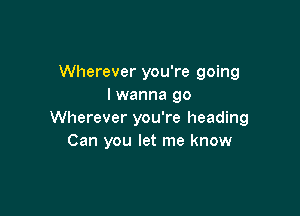 Wherever you're going
I wanna go

Wherever you're heading
Can you let me know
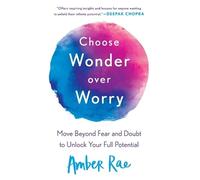 Amber Rae Choose Wonder Over Worry (Tascabile)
• • • • • • •
▸ What to do
Copy all the entries above exactly as they stand, except for the pictures.

▸ Expected answer
 Wherever you're going
I wanna go

Wherever you're heading
Can you let me know
 Amber Rae Choose Wonder Over Worry (Tascabile)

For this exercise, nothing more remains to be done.